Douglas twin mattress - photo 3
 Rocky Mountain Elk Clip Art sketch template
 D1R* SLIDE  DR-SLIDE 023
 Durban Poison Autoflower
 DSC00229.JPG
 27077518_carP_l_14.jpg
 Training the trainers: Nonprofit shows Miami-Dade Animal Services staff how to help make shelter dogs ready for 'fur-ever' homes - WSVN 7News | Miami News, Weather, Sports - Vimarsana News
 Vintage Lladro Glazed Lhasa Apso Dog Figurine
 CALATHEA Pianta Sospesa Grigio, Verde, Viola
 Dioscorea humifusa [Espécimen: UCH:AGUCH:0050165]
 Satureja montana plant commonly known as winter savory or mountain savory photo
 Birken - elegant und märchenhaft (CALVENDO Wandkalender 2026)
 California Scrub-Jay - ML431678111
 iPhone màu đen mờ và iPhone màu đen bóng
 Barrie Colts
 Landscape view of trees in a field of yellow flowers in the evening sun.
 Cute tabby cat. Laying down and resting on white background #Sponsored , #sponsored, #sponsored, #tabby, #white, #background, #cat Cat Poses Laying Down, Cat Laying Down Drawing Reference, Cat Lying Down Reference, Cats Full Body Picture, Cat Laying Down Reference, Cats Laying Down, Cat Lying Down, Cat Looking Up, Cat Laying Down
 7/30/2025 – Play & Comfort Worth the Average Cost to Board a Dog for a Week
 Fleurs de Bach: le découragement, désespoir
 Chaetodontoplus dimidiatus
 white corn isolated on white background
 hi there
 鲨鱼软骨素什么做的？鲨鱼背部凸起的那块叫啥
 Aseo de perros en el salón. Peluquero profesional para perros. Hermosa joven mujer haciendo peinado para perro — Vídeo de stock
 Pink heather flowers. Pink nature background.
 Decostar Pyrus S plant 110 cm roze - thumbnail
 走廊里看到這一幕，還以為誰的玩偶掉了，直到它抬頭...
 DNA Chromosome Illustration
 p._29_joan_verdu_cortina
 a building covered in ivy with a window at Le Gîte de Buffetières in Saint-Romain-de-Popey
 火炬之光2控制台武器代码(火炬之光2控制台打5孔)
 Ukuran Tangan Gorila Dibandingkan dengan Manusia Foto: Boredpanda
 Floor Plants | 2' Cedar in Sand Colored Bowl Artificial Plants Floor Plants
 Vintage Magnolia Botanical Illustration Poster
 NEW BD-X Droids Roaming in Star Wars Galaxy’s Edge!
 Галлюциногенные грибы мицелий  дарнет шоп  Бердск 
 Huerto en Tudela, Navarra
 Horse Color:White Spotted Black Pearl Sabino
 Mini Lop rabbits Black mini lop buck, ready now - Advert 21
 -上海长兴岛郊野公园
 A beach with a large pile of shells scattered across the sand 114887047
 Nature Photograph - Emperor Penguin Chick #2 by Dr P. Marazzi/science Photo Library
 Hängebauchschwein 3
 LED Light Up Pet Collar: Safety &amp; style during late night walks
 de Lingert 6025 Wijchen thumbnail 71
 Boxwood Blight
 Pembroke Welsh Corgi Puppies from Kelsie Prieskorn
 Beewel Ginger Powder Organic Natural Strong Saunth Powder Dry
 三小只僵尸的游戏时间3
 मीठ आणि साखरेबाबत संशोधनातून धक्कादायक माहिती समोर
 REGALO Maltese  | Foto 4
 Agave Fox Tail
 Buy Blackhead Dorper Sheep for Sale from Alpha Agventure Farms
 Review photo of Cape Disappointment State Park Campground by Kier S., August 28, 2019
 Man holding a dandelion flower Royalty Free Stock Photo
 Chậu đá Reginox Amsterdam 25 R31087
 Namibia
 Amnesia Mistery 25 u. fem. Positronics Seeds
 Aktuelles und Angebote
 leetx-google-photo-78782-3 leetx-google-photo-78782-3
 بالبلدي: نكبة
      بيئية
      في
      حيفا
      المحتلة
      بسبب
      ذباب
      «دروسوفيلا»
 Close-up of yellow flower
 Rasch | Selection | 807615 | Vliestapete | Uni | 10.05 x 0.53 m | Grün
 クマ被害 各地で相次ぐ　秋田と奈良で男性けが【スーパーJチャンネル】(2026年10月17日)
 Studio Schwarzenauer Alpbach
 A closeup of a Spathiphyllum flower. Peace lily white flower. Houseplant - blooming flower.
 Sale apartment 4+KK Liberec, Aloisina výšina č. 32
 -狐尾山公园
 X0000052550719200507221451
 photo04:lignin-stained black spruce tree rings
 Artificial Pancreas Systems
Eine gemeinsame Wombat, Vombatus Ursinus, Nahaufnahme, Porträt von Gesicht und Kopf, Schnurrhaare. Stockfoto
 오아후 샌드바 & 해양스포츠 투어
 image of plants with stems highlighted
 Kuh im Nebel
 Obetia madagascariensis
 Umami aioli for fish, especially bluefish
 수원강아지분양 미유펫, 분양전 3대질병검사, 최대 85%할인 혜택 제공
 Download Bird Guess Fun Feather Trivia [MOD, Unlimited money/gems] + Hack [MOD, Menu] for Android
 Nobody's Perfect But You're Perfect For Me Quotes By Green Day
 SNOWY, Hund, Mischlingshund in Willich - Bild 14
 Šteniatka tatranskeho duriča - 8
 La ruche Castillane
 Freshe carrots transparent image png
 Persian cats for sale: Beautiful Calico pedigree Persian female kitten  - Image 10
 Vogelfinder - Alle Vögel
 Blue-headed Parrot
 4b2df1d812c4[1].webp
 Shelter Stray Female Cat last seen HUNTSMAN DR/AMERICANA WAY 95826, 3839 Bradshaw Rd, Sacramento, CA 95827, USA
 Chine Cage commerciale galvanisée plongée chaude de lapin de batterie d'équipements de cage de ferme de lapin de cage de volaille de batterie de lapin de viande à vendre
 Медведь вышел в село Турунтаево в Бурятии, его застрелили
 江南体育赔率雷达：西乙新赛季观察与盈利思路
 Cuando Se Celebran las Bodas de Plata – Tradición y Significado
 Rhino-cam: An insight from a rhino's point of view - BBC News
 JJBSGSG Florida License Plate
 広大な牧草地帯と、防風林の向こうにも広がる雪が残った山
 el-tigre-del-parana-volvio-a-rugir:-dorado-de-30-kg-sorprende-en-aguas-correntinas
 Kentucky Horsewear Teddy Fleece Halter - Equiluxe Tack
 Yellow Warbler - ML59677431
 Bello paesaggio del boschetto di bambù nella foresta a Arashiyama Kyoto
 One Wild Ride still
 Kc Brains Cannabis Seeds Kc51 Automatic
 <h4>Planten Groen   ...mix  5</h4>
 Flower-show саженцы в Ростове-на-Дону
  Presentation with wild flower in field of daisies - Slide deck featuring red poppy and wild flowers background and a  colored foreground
══════════
> [What you will do] Every line from the line containing "Buy Blackhead Dorper" through the line containing "Umami aioli for fish, especially bluefish" in the records above must be retyped exactly. Leave out the rest.

> [Reply to the task]
 Buy Blackhead Dorper Sheep for Sale from Alpha Agventure Farms
 Review photo of Cape Disappointment State Park Campground by Kier S., August 28, 2019
 Man holding a dandelion flower Royalty Free Stock Photo
 Chậu đá Reginox Amsterdam 25 R31087
 Namibia
 Amnesia Mistery 25 u. fem. Positronics Seeds
 Aktuelles und Angebote
 leetx-google-photo-78782-3 leetx-google-photo-78782-3
 بالبلدي: نكبة
      بيئية
      في
      حيفا
      المحتلة
      بسبب
      ذباب
      «دروسوفيلا»
 Close-up of yellow flower
 Rasch | Selection | 807615 | Vliestapete | Uni | 10.05 x 0.53 m | Grün
 クマ被害 各地で相次ぐ　秋田と奈良で男性けが【スーパーJチャンネル】(2026年10月17日)
 Studio Schwarzenauer Alpbach
 A closeup of a Spathiphyllum flower. Peace lily white flower. Houseplant - blooming flower.
 Sale apartment 4+KK Liberec, Aloisina výšina č. 32
 -狐尾山公园
 X0000052550719200507221451
 photo04:lignin-stained black spruce tree rings
 Artificial Pancreas Systems
Eine gemeinsame Wombat, Vombatus Ursinus, Nahaufnahme, Porträt von Gesicht und Kopf, Schnurrhaare. Stockfoto
 오아후 샌드바 & 해양스포츠 투어
 image of plants with stems highlighted
 Kuh im Nebel
 Obetia madagascariensis
 Umami aioli for fish, especially bluefish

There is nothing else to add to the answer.